Abstract
The human skin is home to a complex community of microorganisms that include eukaryotes, bacteria, and fungi that collectively make up the skin microbiome. Despite years of research, little is known about these different species of microbes that colonize the skin’s surface or within sebaceous glands and their roles in inflammatory skin disorders. Advances in 16s and whole metagenomic shotgun (WMS) sequencing technologies have provided researchers with the tools to study microbial taxonomy and differences in phylogroups on the skin like never before. However, the quality of sequencing results is based on efficient extraction of genomic DNA. DNA extraction is an important first step prior to sequencing and analysis in identifying and characterizing microbes on the skin. DNA extraction is a multi-step process: (1) Sample collection and storage, (2) Lysis of bacterial cell membranes or walls, (3) Use of DNA extraction kits to isolate genomic DNA. Currently, DNA extractions in skin-microbiome research are inconsistent regarding the use of lysis methods and kit choice. Enzymatic, mechanical, heat, and freezing lysis conditions may have considerable effects on DNA quality and yield, so finding these optimal conditions are crucial for experimental design and downstream sequencing results. Because these methods are not standardized, lysis efficiency may vary from method to method, and could potentially introduce bias across samples that were treated differently. Furthermore, because the skin is predominantly colonized by Gram-positive bacteria that have cell walls composed of thick layers of peptidoglycan and are harder to lyse, we suspect these species are inaccurately represented. We hypothesize that modifications to DNA extraction kits differentially affect yield of bacterial genomic DNA being sampled.

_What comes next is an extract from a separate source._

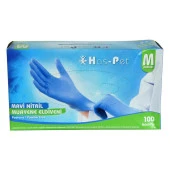 Has-Pet Pudrasız Mavi Nitril Eldiven Orta Boy (M) 100 Lü Paket thumbnail 1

We investigated our hypothesis by the following objectives:I. Characterize the effects of different variations to DNA extraction methods on cell viability, quantity, and quality of yield for Staphylococcus epidermidis (n = 3 for all bacteria in each condition tested).
A. Viability from mid-logarithmic phase cultures by CFU using variations of: (i) freeze-thaw, (ii) heat lysis, (iii) lysozyme concentration, incubation time, and temperature.

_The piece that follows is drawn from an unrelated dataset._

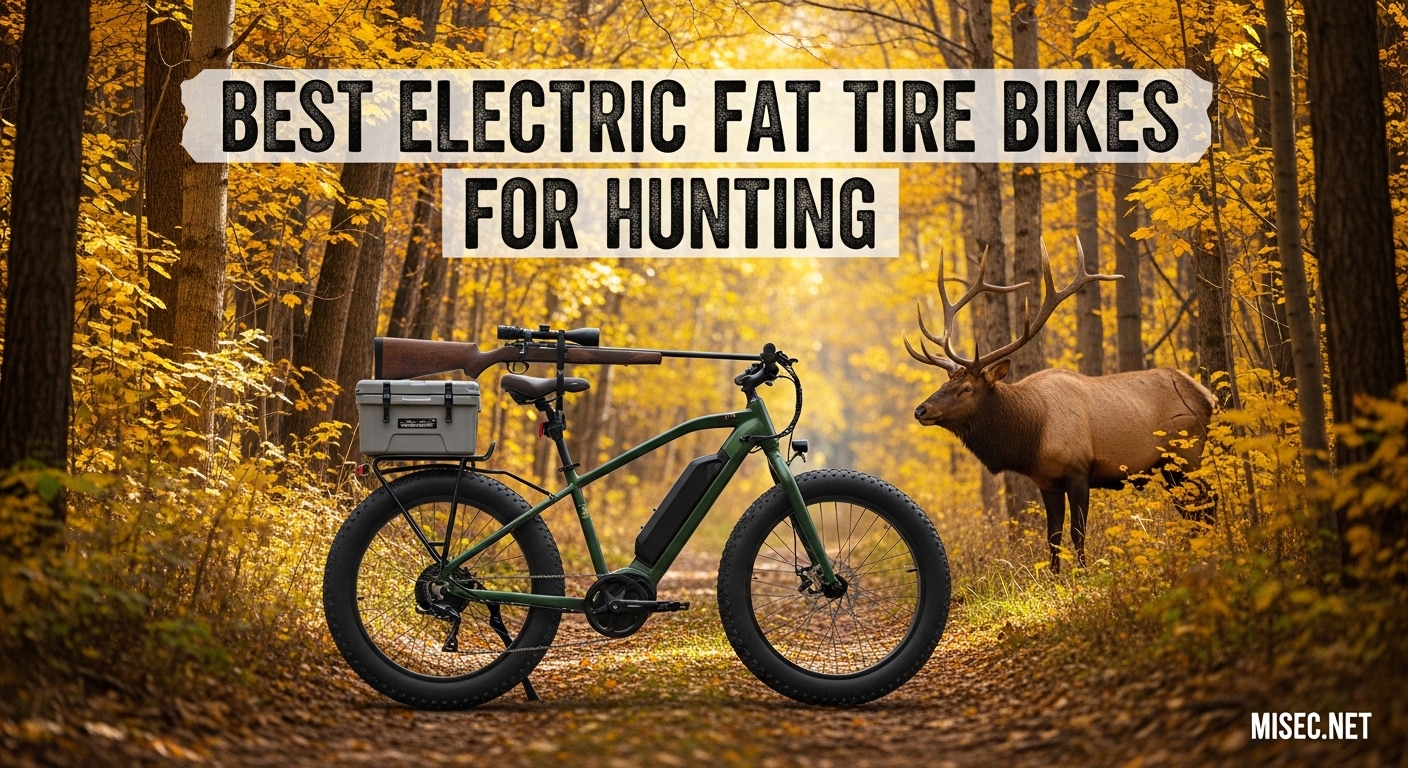 Best Electric Fat Tire Bikes for Hunting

B. DNA quantity by Qubit from mid-log phase cultures using variations of: (i) freeze-thaw, (ii) heat lysis, (iii) lysozyme concentration, incubation time, and temperature.

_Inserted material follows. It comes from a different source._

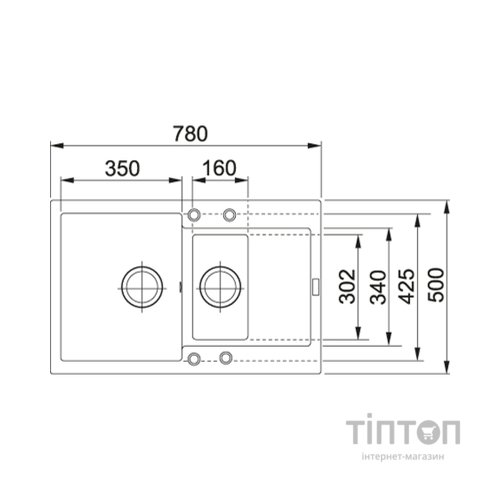 Мийка кухонна Franke 114.0631.461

II. Determine the extraction efficiencies between various DNA extraction methods for Staphylococcus epidermidis and Cutibacterium acnes (n = 5 for all bacteria in each method tested).
A. DNA quantity by Qubit from mid-logarithmic phase cultures using the following DNA extractions methods: (i) Enzsteel, (ii) ReadyLyse Steel, and (iii) a method consisting of the conditions of freeze-thaw, heat lysis, lysozyme concentration, and incubation time from objective I that yielded the best results.